When the play opened, he continued, a forum was held at the theater once a week, and the audience was invited to stay and listen. ''We discussed the content of the play. Immediately, someone from the audience introduced himself as an ex-offender and validated what the play was saying and joined us on the stage. And we invited him to come back for subsequent Tuesdays, which he did with another friend who was an ex-con.''

The forums became a very popular part of the play once a week. Other ex-cons started introducing themselves from the audience, and Rothenberg began getting phone calls asking if the ex-cons could come and speak to different groups.

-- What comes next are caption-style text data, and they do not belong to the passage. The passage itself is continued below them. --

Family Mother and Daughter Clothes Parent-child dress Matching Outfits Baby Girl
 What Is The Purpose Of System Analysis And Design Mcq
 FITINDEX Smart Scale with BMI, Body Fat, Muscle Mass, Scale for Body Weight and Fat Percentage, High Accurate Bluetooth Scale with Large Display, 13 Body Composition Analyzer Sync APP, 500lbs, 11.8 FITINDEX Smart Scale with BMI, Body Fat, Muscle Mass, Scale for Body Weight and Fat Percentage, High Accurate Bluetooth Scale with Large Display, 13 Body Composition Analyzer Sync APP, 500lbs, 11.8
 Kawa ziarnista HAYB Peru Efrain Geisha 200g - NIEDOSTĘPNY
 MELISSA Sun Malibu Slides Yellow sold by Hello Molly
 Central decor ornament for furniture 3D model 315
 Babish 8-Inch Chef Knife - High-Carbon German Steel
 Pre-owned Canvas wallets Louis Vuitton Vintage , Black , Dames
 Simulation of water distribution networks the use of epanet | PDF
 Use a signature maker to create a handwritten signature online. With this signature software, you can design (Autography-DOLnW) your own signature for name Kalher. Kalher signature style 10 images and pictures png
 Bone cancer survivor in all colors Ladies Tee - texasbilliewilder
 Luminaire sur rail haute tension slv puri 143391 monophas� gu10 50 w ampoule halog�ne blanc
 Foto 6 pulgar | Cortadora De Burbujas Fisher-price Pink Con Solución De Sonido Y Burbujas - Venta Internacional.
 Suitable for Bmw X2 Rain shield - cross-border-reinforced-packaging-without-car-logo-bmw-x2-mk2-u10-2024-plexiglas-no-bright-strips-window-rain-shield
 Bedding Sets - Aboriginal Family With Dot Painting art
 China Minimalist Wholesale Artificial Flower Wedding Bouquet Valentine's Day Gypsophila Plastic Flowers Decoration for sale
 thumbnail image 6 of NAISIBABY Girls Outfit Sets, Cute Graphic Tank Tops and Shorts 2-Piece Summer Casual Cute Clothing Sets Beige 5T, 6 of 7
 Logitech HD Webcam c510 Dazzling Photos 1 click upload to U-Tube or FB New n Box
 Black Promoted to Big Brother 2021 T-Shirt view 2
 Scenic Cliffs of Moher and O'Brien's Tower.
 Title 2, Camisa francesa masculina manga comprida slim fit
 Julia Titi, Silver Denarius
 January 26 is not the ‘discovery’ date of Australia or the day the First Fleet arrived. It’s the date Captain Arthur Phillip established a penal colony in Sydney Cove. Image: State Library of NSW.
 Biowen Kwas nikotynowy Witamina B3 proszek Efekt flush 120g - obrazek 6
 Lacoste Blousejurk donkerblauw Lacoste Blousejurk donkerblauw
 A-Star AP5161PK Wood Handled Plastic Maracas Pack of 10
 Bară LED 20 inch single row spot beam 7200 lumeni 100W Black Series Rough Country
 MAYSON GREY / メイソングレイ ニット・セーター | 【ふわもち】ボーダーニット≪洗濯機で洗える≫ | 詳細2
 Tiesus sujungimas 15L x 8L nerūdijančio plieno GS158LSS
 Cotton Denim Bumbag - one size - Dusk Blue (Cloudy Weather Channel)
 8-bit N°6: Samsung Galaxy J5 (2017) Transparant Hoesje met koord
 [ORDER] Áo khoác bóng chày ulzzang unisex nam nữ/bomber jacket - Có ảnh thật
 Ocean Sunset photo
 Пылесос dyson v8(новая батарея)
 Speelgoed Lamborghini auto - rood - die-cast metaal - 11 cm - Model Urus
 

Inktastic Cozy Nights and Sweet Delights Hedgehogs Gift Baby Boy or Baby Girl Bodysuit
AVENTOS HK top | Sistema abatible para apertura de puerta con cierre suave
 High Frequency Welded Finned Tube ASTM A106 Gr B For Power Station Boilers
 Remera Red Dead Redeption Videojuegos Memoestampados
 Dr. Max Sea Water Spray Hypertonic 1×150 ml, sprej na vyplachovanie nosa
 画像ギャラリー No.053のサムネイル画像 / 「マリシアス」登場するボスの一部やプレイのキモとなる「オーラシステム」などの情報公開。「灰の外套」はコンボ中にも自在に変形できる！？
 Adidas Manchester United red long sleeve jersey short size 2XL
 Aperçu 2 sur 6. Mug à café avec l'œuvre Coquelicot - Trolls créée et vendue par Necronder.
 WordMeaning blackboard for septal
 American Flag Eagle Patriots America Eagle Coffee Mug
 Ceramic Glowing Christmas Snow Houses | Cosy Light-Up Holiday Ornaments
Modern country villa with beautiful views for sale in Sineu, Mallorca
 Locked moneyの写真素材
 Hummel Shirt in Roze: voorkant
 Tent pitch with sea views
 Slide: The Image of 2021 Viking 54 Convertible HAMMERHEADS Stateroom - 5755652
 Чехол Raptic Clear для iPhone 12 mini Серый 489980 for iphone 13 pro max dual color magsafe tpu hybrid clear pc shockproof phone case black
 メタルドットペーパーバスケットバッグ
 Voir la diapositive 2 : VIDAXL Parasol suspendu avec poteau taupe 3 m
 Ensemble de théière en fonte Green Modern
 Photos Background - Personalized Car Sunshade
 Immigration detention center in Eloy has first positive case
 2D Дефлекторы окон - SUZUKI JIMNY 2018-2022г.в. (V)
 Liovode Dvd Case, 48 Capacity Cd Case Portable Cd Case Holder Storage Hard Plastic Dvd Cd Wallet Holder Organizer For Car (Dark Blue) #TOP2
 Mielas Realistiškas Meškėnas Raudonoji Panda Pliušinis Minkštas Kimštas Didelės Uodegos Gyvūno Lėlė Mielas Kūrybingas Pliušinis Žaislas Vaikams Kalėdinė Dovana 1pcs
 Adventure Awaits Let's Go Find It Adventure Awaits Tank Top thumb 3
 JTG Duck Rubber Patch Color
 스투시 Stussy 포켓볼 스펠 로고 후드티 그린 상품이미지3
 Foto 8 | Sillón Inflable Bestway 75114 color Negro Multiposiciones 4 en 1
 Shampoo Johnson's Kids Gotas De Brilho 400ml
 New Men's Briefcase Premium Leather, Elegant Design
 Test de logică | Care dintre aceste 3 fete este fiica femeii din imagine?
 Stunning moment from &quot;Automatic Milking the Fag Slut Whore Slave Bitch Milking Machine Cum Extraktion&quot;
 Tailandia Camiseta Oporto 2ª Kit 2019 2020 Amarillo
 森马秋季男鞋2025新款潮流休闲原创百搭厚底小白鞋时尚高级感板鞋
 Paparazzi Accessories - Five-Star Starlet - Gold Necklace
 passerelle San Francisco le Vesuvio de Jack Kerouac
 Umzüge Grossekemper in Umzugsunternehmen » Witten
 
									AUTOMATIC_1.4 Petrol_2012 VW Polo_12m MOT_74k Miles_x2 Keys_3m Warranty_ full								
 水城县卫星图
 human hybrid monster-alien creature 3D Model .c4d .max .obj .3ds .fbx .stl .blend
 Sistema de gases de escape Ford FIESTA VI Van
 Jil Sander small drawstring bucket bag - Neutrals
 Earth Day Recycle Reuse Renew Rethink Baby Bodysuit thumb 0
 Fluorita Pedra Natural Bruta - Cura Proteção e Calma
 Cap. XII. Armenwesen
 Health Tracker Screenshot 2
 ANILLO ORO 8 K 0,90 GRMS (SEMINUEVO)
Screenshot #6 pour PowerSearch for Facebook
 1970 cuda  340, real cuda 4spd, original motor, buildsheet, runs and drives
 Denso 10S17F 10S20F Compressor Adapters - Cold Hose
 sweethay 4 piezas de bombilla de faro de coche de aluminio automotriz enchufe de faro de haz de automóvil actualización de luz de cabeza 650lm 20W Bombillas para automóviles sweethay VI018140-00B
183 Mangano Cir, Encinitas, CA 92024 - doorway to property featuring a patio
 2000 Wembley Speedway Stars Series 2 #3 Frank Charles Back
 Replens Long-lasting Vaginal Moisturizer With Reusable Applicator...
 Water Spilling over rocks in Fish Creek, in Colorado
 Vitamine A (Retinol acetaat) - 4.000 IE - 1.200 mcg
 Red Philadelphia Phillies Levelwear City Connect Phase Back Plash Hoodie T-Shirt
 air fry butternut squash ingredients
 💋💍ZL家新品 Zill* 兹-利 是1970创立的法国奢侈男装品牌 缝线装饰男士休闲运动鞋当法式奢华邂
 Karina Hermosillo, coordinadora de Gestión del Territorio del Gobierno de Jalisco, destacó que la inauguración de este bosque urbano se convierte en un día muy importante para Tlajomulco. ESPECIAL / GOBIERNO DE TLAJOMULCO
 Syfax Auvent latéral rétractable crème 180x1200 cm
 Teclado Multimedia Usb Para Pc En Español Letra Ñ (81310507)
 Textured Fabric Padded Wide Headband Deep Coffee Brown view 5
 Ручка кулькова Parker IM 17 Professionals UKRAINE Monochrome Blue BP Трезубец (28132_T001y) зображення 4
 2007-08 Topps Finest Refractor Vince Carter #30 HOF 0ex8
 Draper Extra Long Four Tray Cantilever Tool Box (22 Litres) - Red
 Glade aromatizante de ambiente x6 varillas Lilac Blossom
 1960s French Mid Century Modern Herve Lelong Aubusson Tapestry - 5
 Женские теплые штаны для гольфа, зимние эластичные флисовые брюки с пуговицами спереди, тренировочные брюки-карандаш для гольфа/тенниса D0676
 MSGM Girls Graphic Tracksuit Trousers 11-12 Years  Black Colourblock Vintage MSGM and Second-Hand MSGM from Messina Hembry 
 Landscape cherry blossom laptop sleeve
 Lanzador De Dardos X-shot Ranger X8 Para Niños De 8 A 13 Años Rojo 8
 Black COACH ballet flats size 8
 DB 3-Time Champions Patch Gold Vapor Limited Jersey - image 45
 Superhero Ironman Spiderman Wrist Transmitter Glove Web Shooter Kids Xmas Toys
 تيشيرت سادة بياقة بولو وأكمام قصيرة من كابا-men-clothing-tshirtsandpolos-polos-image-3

''For the next five or six months, I found myself going around with a group of ex-cons talking about prison and realized that there was an enormous credibility gap between the public's perception of crime and prison, and the people who'd been through it. And that the people who've been through it have a lot to offer in talking about motivation and perpetuation of crime and the whole criminal justice system.''

He says at the point when four or five ex-cons were involved, he offered his theater office as headquarters. ''We called ourselves the Fortune Society because that was from the title (of the play) we were playing, which is from a Shakespearean sonnet: 'When in disgrace with fortune and men's eyes, I, all alone, beweep my outcast state. . . .'

The Fortune Society then became an opportunity for men who had been in prison to speak about their prison experience. In 1967 there was little opportunity for that, Rothenberg points out. ''As a matter of fact, guys coming to us were in danger of violating their parole because they were in concert with other ex-offenders.''Four of the men appeared on the New York-based David Susskind Show. ''Afterward, we were inundated - not with the public wanting information, '' said Rothenberg, ''but with other ex-convicts wanting help, thinking that this group that appeared on television had the answers to all their problems.''

Fortune was 15 years old last month. Rothenberg's one-room theater office at Broadway and 46th Street has overflowed to two new locations, ending up in this labyrinth of rooms and carrels high above Manhattan's streets. The staff has grown to include 18 ex-cons, nine ''squares,'' and hundreds of volunteers. The Fortune News, originally a one-page mimeographed letter sent to 37 people, is now a 12-page printed newsletter sent to over 40,000 people in 50 states and 23 countries. Thirty-five ex-convicts form Fortune's speakers bureau for engagements around the country. Seventy percent of Fortune's funding is from private individuals, the rest comes from foundation grants, government agencies, and private corporations. Membership in the society numbers 30,000.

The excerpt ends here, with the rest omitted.